Does Control Tower cost money?
Control Tower itself has no additional charge. You pay for the underlying services it uses: CloudTrail data events (if enabled), AWS Config rules, Service Catalog, and the S3 storage for logs in your Log Archive account. For most organizations, the Control Tower overhead adds $20–80/month depending on the number of accounts and Config rules active.
How do I handle Terraform state for multi-account infrastructure?

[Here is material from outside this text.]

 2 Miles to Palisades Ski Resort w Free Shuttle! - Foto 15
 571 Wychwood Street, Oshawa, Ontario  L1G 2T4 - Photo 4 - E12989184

Use a dedicated S3 bucket in your management or shared services account for Terraform state, with one state file per account/environment. Enable S3 versioning and DynamoDB state locking. Your CI/CD pipeline assumes a role in the target account using STS AssumeRole (with an assume-role policy that allows only the CI/CD role from the management account to assume it). See the CloudFormation guide for an alternative StackSets-based approach to deploying baselines across accounts.
How do I monitor compliance with SCPs and guardrails?
AWS Config records every configuration change and evaluates Config rules (detective guardrails). Security Hub aggregates findings from Config, GuardDuty, Inspector, and Macie into a single dashboard in your Audit account. For SCP denials specifically, CloudTrail logs every denied API call with the error code AccessDenied and the SCP context. Set up CloudWatch metric filters on CloudTrail to alert on unusual volumes of SCP denials, which can indicate either misconfigured automation or a potential security event.